Effect
of Carvedilol to Correct Interventricular Dyssynchrony in Patients
With Chronic Heart Failure Due to Ischemic Left Ventricular
Systolic Dysfunction: Results of the CHRISTMAS Study
Jacopo Dalle Mule, John
G F. Cleland, Dudley J. Pennel, Renzo Perelli, Gordon Murray,
Andrew J S. Coats, Simon Ray, Avijit Lahiri, Peter W. Macfarlane,
Zvi Vered
City Hospital, Pieve di Cadore, Italy, Royal Brompton Hospital,
London, United Kingdom
Topic:
Myocardial Function/Heart Failure--Clinical
Objective: To measure ventricular
contractile synchrony in patients with ischemic left ventricular
(LV) systolic dysfunction and to evaluate the effects of carvedilol
on contractile synchrony.
Methods: We measured intraventricular
conduction delay by means of phase analysis in 164 patients of
the CHRISTMAS Study, who underwent radionuclide ventriculography
(RNVG) at the time of randomization and at the end of the maintenance
phase of treatment with carvedilol or placebo (PL).

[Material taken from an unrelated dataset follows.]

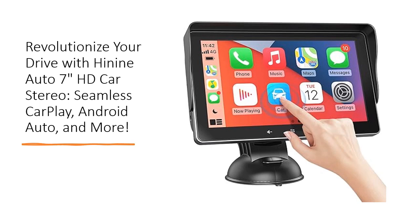Tired of struggling with complicated installations? This car stereo is a game-changer, offering a plug-and-play design that fits seamlessly into any vehicle. Keep your car's original radio intact while enjoying advanced features that cater to your every need.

Results: The degree of interventricular
dyssynchrony (difference in LV and right ventricular (RV) mean
phase angles) did not change from baseline to the final visit
in the PL group (11 ±17 vs 12 ±9), while it improved in the carvedilol
group (13 ±17 vs 9 ±14; p<0.01). The degree of intraventricular
dyssynchrony (std deviation of the mean phase angle) significantly
improved for LV in the carvedilol group (54 ±18 vs 51 ±19; p=0.04),
but did not change for both the RV (41 ±12 vs 41 ±11) and the
LV (57 ±14 vs 56 ±19) in the PL group, and for the RV in the carvedilol
group (40 ±14 vs 30 ±10).
Conclusion: Treatment with carvedilol
in patients with ischemic cardiomyopathy improves interventricular
contractile synchrony between the LV and RV and intraventricular
contraction synchrony of the LV. This is a new and additional
mechanism by which carvedilol exerts beneficial effects on left
ventricular function in ischemic heart failure.